[Exercise instructions]: In the material below, the lines between the one holding "Hello everyone. Mirai" and the one holding "Then we're going", inclusive, are to be set down word for word. Pictures stay out.

START Input for this task

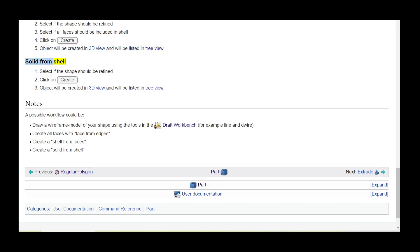Solid from shell. Select if the shape should be refined, then click on create. The object will be created in the 3D view and will be listed in the tree view.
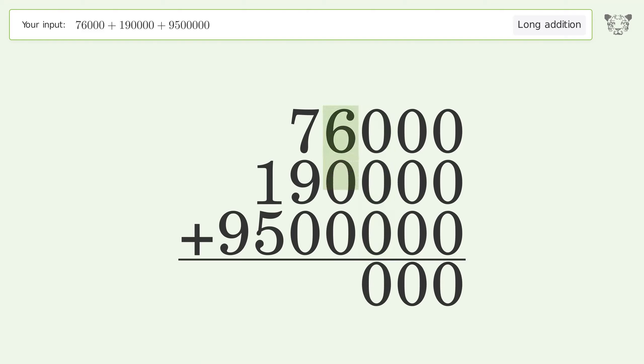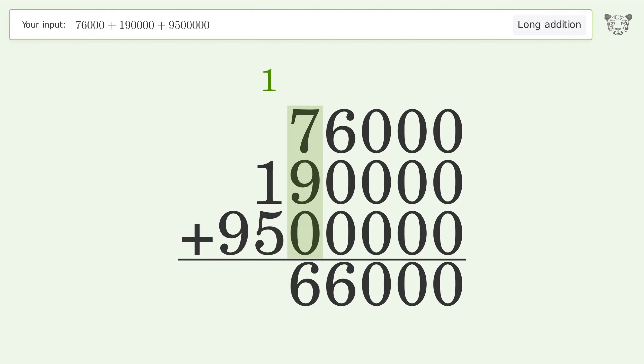6 plus 0 plus 0 equals 6. 7 plus 9 plus 0 equals 16. Carry 1 to the hundred thousands place.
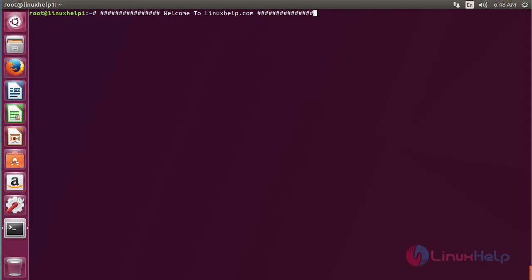Welcome to linuxhelp.com. In this session I am going to show you how to install RAR files on Ubuntu 17.04. RAR files are in compressed RAR format.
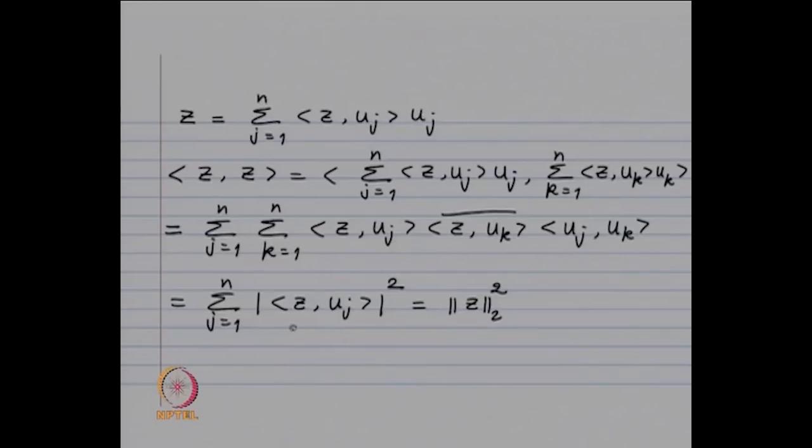To compute norm-A_2, we need the maximum of norm(Az) over norm(z). Using the orthonormal eigenvector expansion, norm-z squared equals the sum of |( z, u_j)|^2. We will complete this proof in the next lecture, where we will also look at some localization results for eigenvalues and approximate methods for calculating eigenvalues.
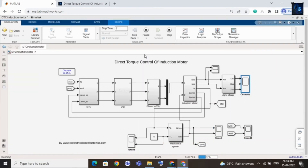Now let me change the reference speed. I will change reference speed to 800 rpm. I will stop this simulation - you can see the time is 0.838 seconds. Now I will stop this, change the reference speed, and then we will verify our results.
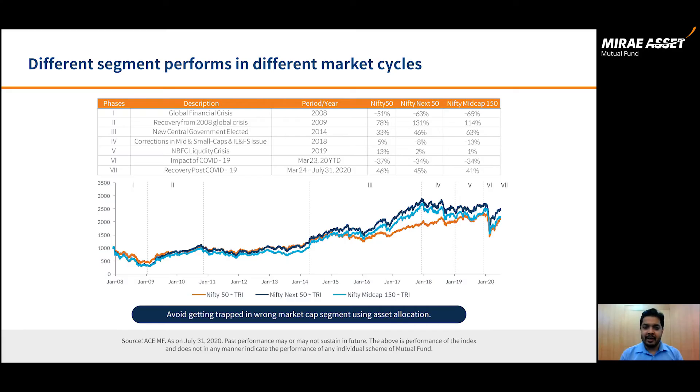Hello everyone. Mirai Asset is coming up with an interesting new fund called Mirai Asset Equity Allocator Fund of Fund. Before I explain what this fund is, let's understand the why.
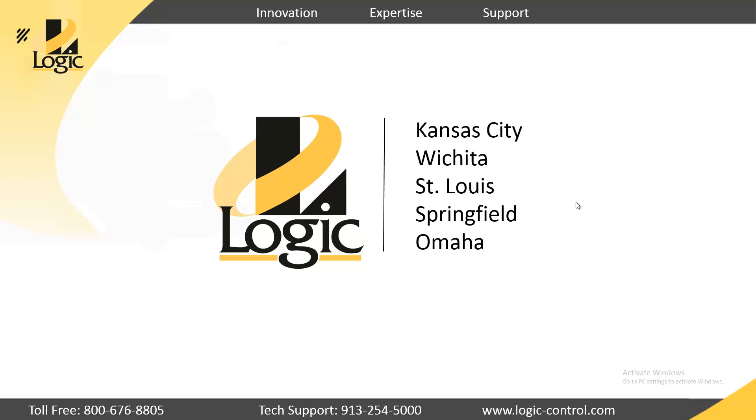In part two, we'll create a simple InTouch Edge HMI project and get it running on the UC8100. Thank you.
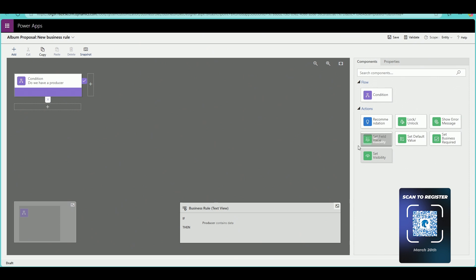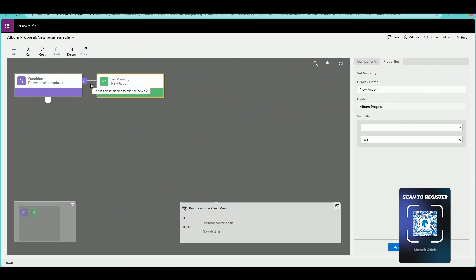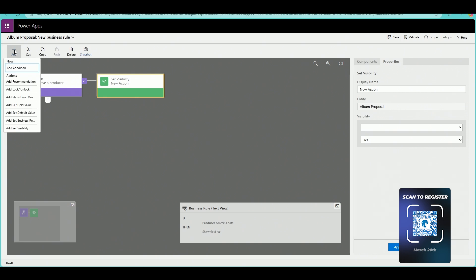Then we're going to get further into it by learning about business rules — how can we make the data dynamic when our users are using the application? And finally, we're going to look at security and how do you share those applications with one another.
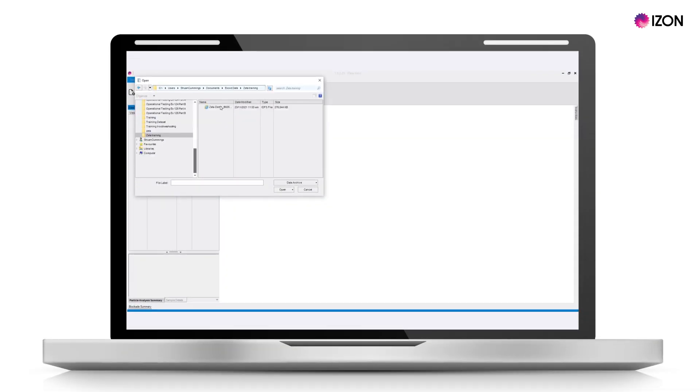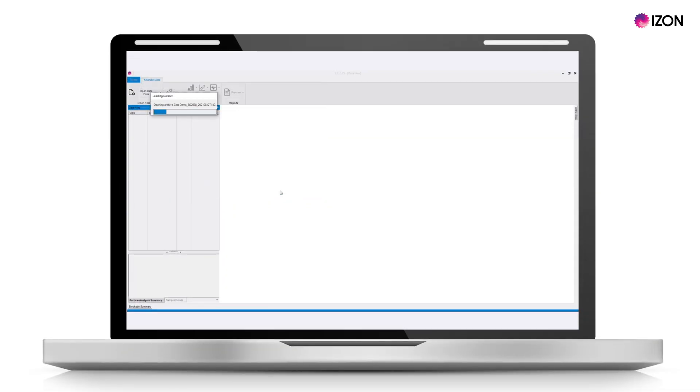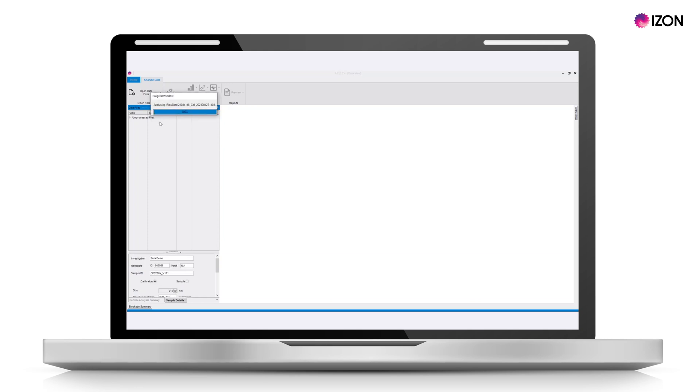Open your measurement file and right-click on unprocessed files, then select 'Process Files'. This might take several minutes for large data files.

END Input for this task

[Your response]:
Hello everyone. Mirai Asset is coming up with an interesting new fund called Mirai Asset Equity Allocator Fund of Fund. Before I explain what this fund is, let's understand the why.
In part two, we'll create a simple InTouch Edge HMI project and get it running on the UC8100. Thank you.
Then we're going to get further into it by learning about business rules — how can we make the data dynamic when our users are using the application? And finally, we're going to look at security and how do you share those applications with one another.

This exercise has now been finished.